## Data Science: The Evolution or the Extinction of Statistics?

Jennifer Lewis Priestleyis a professor of applied statistics and data science at Kennesaw State University, where she is the director of the Center for Statistics and Analytical Services. She oversees the PhD program in advanced analytics and data science and teaches courses in applied statistics at the undergraduate, master’s, and PhD levels.

As a discipline, I think statistics—and by association statisticians—are going through a midlife crisis. Just look around a typical university. Where is statistics housed? Mathematics? The business school? Engineering? Humanities? All of the above? Who are we? This crisis of identity has been accelerated by this new term “data science.” Is it a discipline? Is it an application of statistics? Is it an application of computer science? Is it a buzz word just having its moment?

I agree with Tommy Jones in his *Amstat News* article, “The Identity of Statistics in Data Science,” when he says the “… conversation around data science betrays an anxiety about our identity.”
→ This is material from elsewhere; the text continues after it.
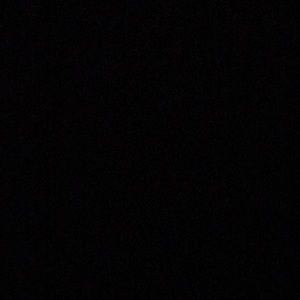 Meet your Posher, Audrey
As the director of one of the country’s first PhD programs in data science and a professor of statistics, I believe data science is the full-length mirror we have needed to hold up in front of our discipline for a long time so we can examine how we look from multiple angles. As any middle-aged woman will tell you, full-length mirrors contribute to anxiety.

As we turn in front of this mirror, there are angles that are not working for us. Theoretical statistics is increasingly a bastion of academia. While there will always be a need for PhD theoretical statisticians in universities, a BS in theoretical statistics—defined by derivations of theorems and execution of formulas completely by hand with no experience with real data—does not prepare undergraduates to work in a 21st-century economy. And, as most theoretical statisticians will tell you, if someone does want to pursue a PhD in statistics, they are better served pursuing an undergraduate degree in mathematics.
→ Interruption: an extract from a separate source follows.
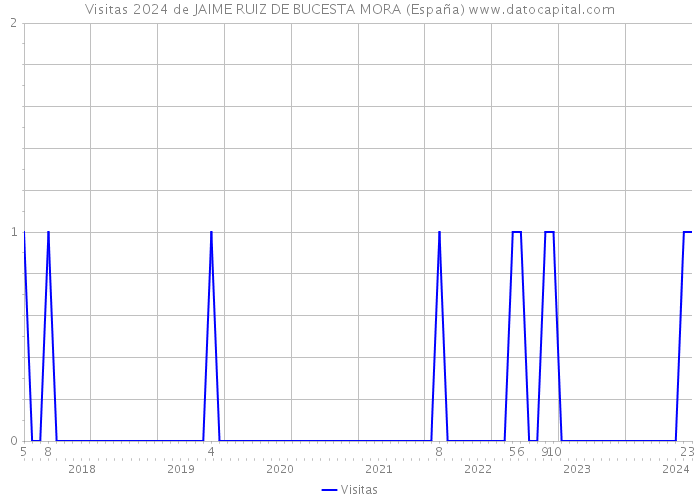 Visitas 2024 de JAIME RUIZ DE BUCESTA MORA (España)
The other side of this angle is “business statistics” (“statistics-for-students-who-could-not-handle-the-math-in-real-statistics” in most universities), where students work with Excel spreadsheets characterized by 100 rows and three columns and they generate means and standard deviations—and in the advanced course, pivot tables. These courses also do a huge disservice to students and, similarly, do not prepare graduates to work in a 21st-century economy.

The 100% theoretical approach to statistics and the “statistics lite” approach are both bad for our discipline because of the same issue—data. Neither approach prepares students to work with real-world data. If you scan typical job advertisements, any position hiring a statistician will likely include required skills such as programming, analytical software experience (e.g., SAS), database management (e.g., SQL), and writing and communication. This is because the days of being a “data diva” are over—statisticians are expected in most companies to have some ability to extract, transport, load, clean, analyze, model, and “tell the story” of their results. This is particularly true in small companies. And even if they don’t have to do all points in the chain for every project, developing a working knowledge of how data are collected, stored, extracted, cleaned … makes for better models … and more complete communication of results.
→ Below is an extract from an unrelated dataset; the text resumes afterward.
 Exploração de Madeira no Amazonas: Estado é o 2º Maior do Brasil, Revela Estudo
But as we pivot in the mirror, data science is also allowing us to show off angles of our discipline that are sorely needed—by everyone. At my university, we have an MS in applied statistics. We will have companies from diverse disciplines such as health care, retail, finance, and energy recruiting the same student. Why would companies from such different domains be interested in the same student? Because they are all trying to solve the same problem! They are all trying to translate massive amounts of data into meaningful information to solve a problem and then explain the solution to their boss or their client.

This set of requirements is almost ubiquitous—and it’s certainly multidisciplinary. I think it’s a point of evolution for our discipline and has become the definition of the 21st-century statistician—converting data into information to solve problems or discover patterns and then telling the story. More than any other academic discipline, statistics (applied statistics) is needed by every other discipline. To use a dated phrase (we are in midlife after all), “our dance card is full.”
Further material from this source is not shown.